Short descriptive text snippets
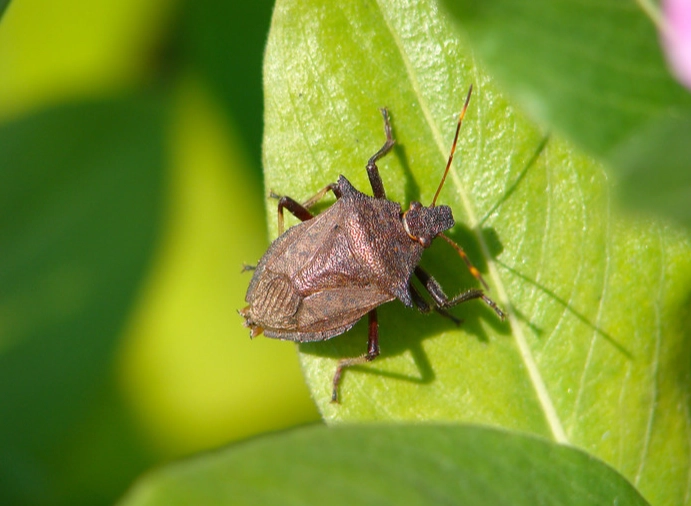 驅趕椿象方法 驅趕椿象方法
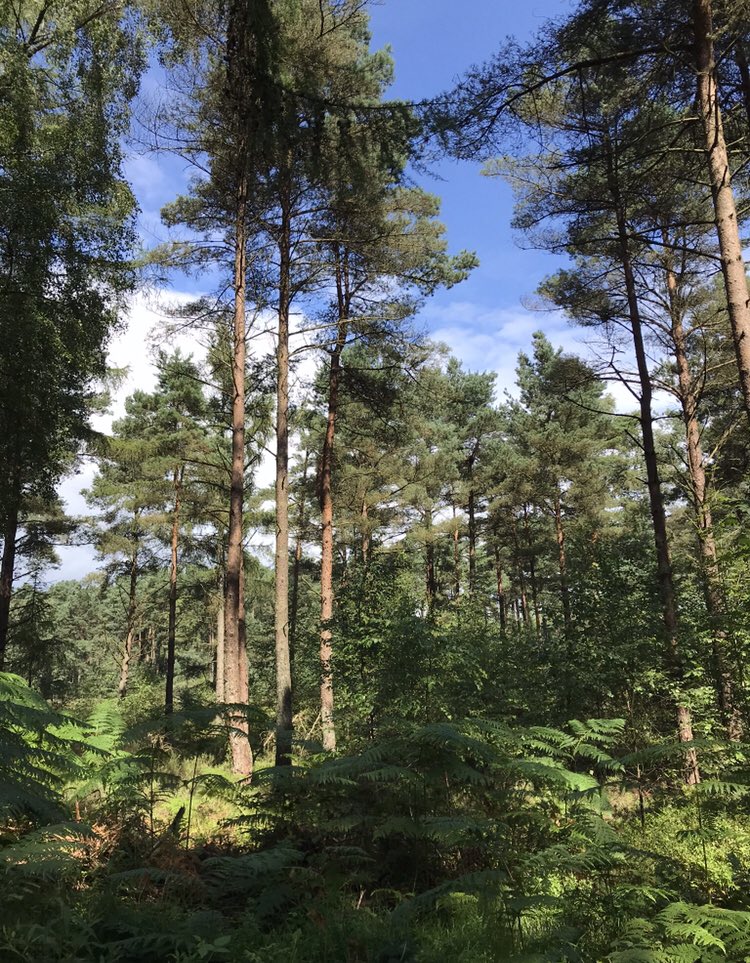 mum_pumpkin's tweet photo. Week 65 #YouthStrike4Climate Week 10 #ClimateStrikeOnline #digitalstrikescotland π΄σ §σ ’σ ³σ £σ ΄σ Ώ Destruction of forests=destruction of life #SaveOurForests π³#SaveCongoRainforest #NoForestNoFuture #biodiversityπ#AnotherWorldispossible @Fridays4future @parents_4future @savecalaiswild1 https://t.co/5NSRiXHVj6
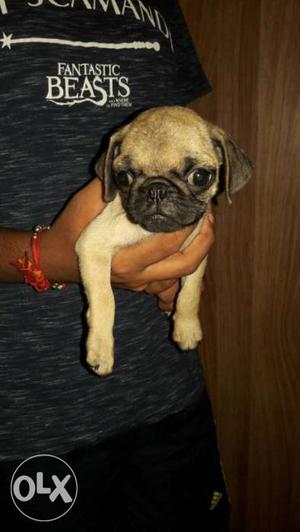 Pug male puppy available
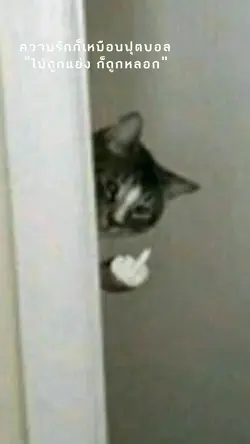 คําคม14พ.ค.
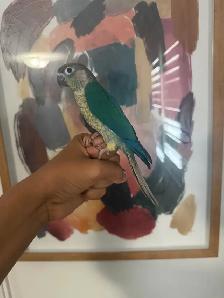 Baby Violet Conure - Photo 3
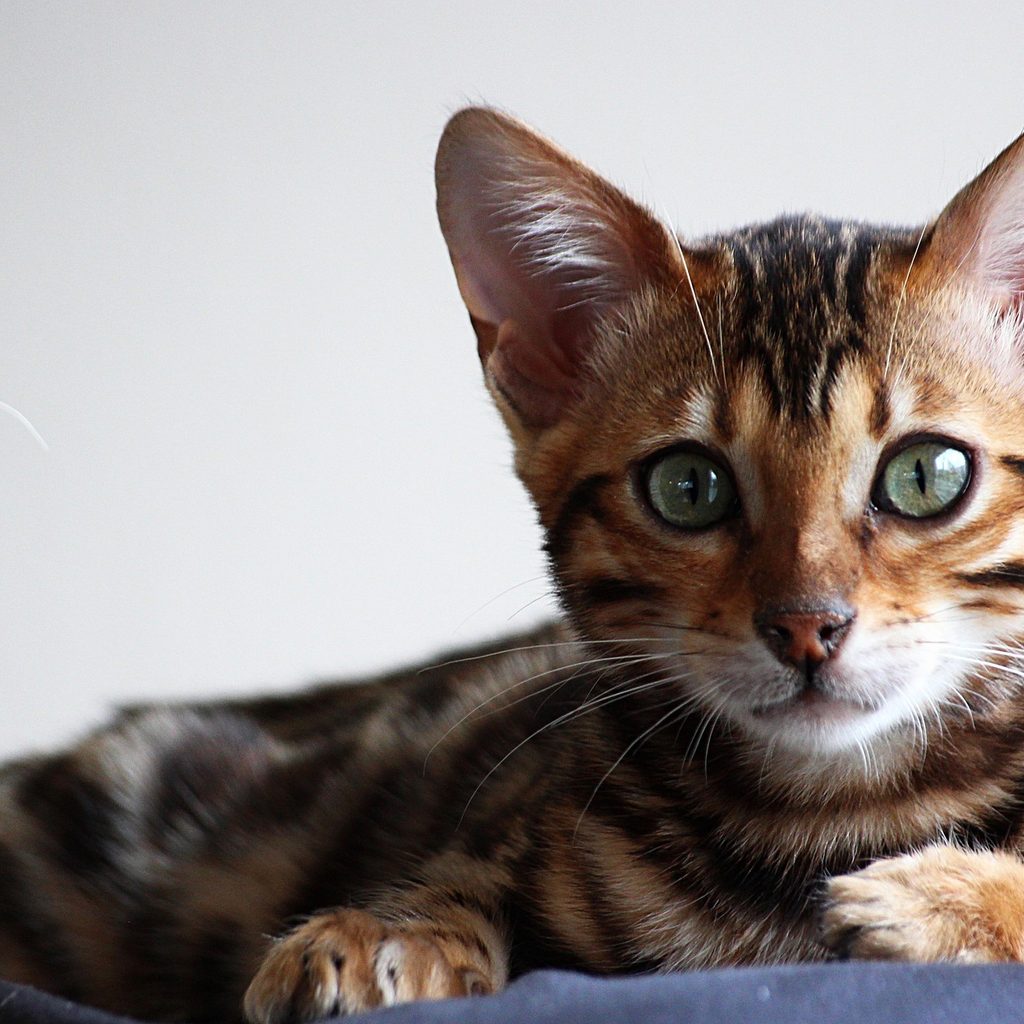 Young Bengal cat on a cat tree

**Problem statement**
The required output is the exact lines from the opening line of the entries through the line with "Baby Violet Conure - Photo 3", inclusive, without pictures.

**Solution**
 驅趕椿象方法 驅趕椿象方法
 mum_pumpkin's tweet photo. Week 65 #YouthStrike4Climate Week 10 #ClimateStrikeOnline #digitalstrikescotland π΄σ §σ ’σ ³σ £σ ΄σ Ώ Destruction of forests=destruction of life #SaveOurForests π³#SaveCongoRainforest #NoForestNoFuture #biodiversityπ#AnotherWorldispossible @Fridays4future @parents_4future @savecalaiswild1 https://t.co/5NSRiXHVj6
 Pug male puppy available
 คําคม14พ.ค.
 Baby Violet Conure - Photo 3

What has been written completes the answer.